Building Industrial Economies in Africa through Mechanization of Agriculture
Hakim Karim, Soybean Innovation Lab (SIL) manufacturing trainer, building threshers in Zambia in March 2020
In Kumasi, Ghana, a small group of young entrepreneurs, all in their early and mid-20s, are making agricultural mechanization available to farmers while at the same time building the Ghanian industrial base and creating jobs. Their company, SAYeTECH, specializes in multi-crop threshers that allow easier production of soybean in African farming. A commercialization partner of the Feed the Future Soybean Innovation Lab (SIL), SAYeTECH has reached over $350,000 in thresher sales in just three years.
Economists and policymakers generally consider a strong manufacturing sector to be a vital path to economic development and growth. Industrialization can drive development and alleviate unemployment and poverty by providing decent jobs for large numbers of workers. Unfortunately, Africa lags behind other continents in industrialization, with only 1.9% of global manufacturing. Africa imports manufactured goods at a 3:1 ratio to manufactured exports, an imbalance that further weakens African economies.
Asia recently underwent an industrial revolution and many agricultural implements manufactured there are being imported into Africa. While this imported equipment can greatly assist African farmers, it does much less to help build local industrialization and development of African economies in a way that provides new jobs, reduces unemployment and creates a middle class.
African manufacturing enterprises are capable of fabricating agricultural equipment and meeting the needs of their farmers. Their efforts can be assisted by policies and practices of national governments and development organizations. A big challenge for local manufacturing is the policy of allowing duty-free agricultural equipment imports while taxing raw materials, such as sheet metal, that are needed for local fabrication. Government subsidies for foreign-made tractors and implements can also undercut the efforts of local equipment manufacturers, who must base pricing on full costs, thus, making competition with imports difficult. In addition to better policies that will assist local manufacturing, African fabricators also need support with engineering, tooling and financial investment.

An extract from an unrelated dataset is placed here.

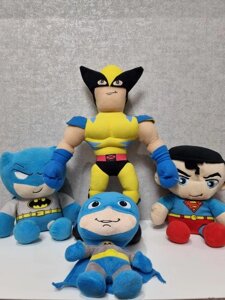 Оригінальні м&#x27, ягкі іграшки герої DC: Росомаха, Супермен, Бетмен.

SIL started their program on local manufacturing of multi-crop threshers in 2016 with design research and support of African engineering students to develop low-cost threshers. By 2018, a design by two Ghanaian fabricators had been adopted by SIL to be used as an open-source plan for multi-crop thresher fabrication. The machine was extensively field tested, and workshops were conducted in 10 African countries to teach the design to local fabricators. Local nongovernmental organizations (NGOs), manufacturing companies and government agencies worked with SIL to disseminate the manufacturing manual and hands-on fabrication training.
This focus on local manufacturing has led to numerous businesses either adopting the local fabrication of crop threshers or the development of new private sector enterprises specializing in agricultural equipment. One business to newly enter the agricultural mechanization manufacturing sector in Ethiopia is the Center for Applied Manufacturing, Services and Engineering (CAMS Engineering) PLC — which is set to reach nearly $500,000 in sales in their first two years of business. Both CAMS and SAYeTECH realized that they needed to focus on service providers as their customer base, rather than individual farmers. Even small equipment is often too expensive for most smallholders, so professional service providers with financial backing purchase equipment and charge farmers for using its service.
While low access to capital is easily recognized as an impediment to farmer investment in mechanization, it is also a bottleneck for African manufacturers. The development of manufacturing infrastructure (tooling, facility development, etc.) and the purchase of raw materials needs capital that is difficult to access in most African economies, where interest rates are routinely above 25-30%. Private and public investment in agricultural equipment manufacturing businesses across Africa may open this sector to local entrepreneurs, whose success in manufacturing high-quality agricultural equipment will double as a boost to their local agricultural sectors. The availability of agricultural mechanization, such as tractors, planters, sprayers, threshers and combines, leads to more productive agricultural systems and reduced drudgery for African farmers.
Supporting agricultural mechanization in Africa by supporting local manufacturing is a winning strategy. As increased industrialization creates jobs, the sons and daughters of famers can use their manufacturing incomes to invest in equipment for their families back home. The talent and the drive for local manufacturing exists in the hands and hearts of many African manufacturers. Support in the form of policies, financial investment, knowledge-sharing and training will lead to a productive agricultural and industrialization boom across Africa.